##########################################
#### Week 3 Lab: Two Parameter Models ####
####   Friday, September 22nd, 2016   ####
##########################################

########################################################
#### Download lab files into your working directory ####
########################################################
library(lmSupport)

# Set your working directory

# We're using the bias dataset from last week


# Check out the dataset

# How could you achieve the same thing as head() using bracket notation?


# some() lives in a package we don't really want to load (for only one function? why?)
# We can also use bracket notation to do the same thing as some(). Let's use google.


###########################################
#### Read page 1 of Lab3_Exercise.docx ####
###########################################

# What's the experiment about? 
# What is the independent variable? 
# What is the dependent variable?

# Prediction: 

# In other words: Does concern score explain variance in week 4 IAT scores?


################################################################
#### What models should we compare to test this hypothesis? ####
################################################################

# DATA = MODEL + ERROR
# Model C: 
# Model A:


###################################
#### Prepare data for analysis ####
###################################

# We have four concern items; need to create average score for each participant
# Which of the items are reverse-coded?


# It would appear as though the reverse-scored item from last week (4) has been adjusted already.


# Why varScore and not rowMeans?


################################################
#### The Compact Model: One Parameter Model ####
################################################
# Fit a one-parameter model
# What is our one parameter? 


# We can ask for the values of y that are predicted by our model

# What is the number we're predicting for everyone?

# We can ask for the residuals


# See that the predicted values (our model) plus the error equals 
# the data themselves!

# And we can look at the coefficients, or parameter estimates themselves


# If we want to ask questions about model fit, we need to calculate SSE:


# Does this value alone tell us if the model fits the data well?


##################################################
#### The Augmented Model: Two Parameter Model ####
##################################################
# Fit a two-parameter model
# What is our second parameter? 


# We can ask for the values of y that are predicted by our model


# We can also ask for the errors


# And we can ask for just the coefficients, or parameter estimates themselves


# Week4IAT =

# If we want to ask questions about model fit, we need to calculate SSE:


# Model Comparison


# What does the p-value tell us? (generally, not this specific p)
# p-Value: 


modelSummary(mA, t=FALSE) # How is this related to what we just did?
# Remember: R is giving us the results of two different model comparisons.
# Each line in the summary is associated with a different set of comparisons.
# What is the interpretation of the second coefficient, b1? What two models are being compared?

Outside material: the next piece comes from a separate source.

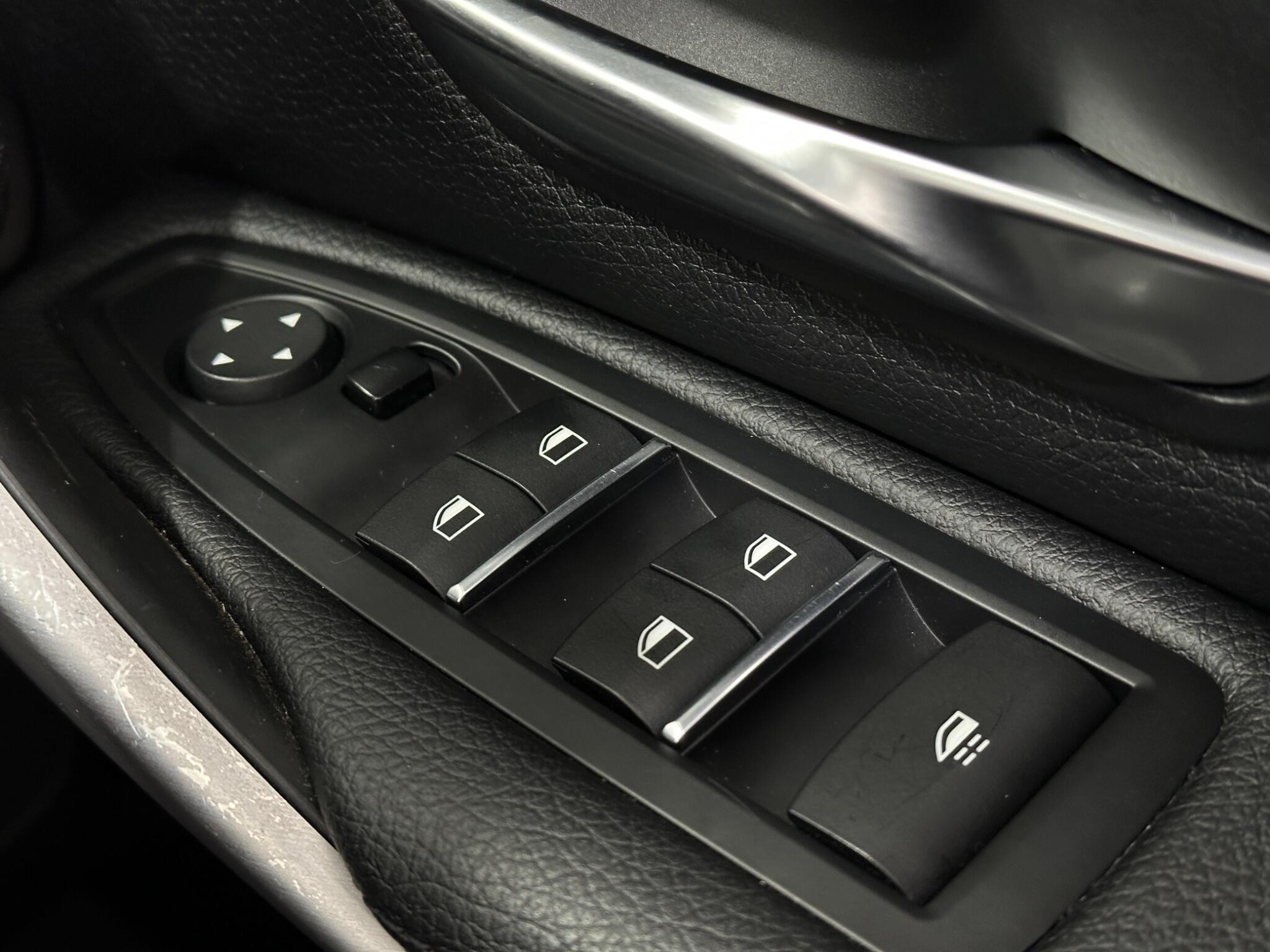 BMW 4 Series view 19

# What is the interpretation of the first coefficient, b0? What two models are being compared?


# Coefficients from Model C
# Why is b0 different between Model A and Model C?


# Confidence Intervals


# Effect Sizes
# Calculate PRE/ partial eta squared for b1


# Or just use modelEffectSizes() to get partial eta-squared

# What does partial eta squared represent?


#####################################
#### Graphing our Data and Model ####
#####################################
# You will encounter us using the terms "quick and dirty" plot and "publication quality" plot.
# Generally speaking, when we use the latter, we mean ggplot. Quick and dirty plots are more
# for your understanding and ability to look at the data visually.

# Based on last week:


# Generating regression line with CI bands using the effects package
library(effects)  #used for quick and dirty view of models.  VERY IMPORTANT.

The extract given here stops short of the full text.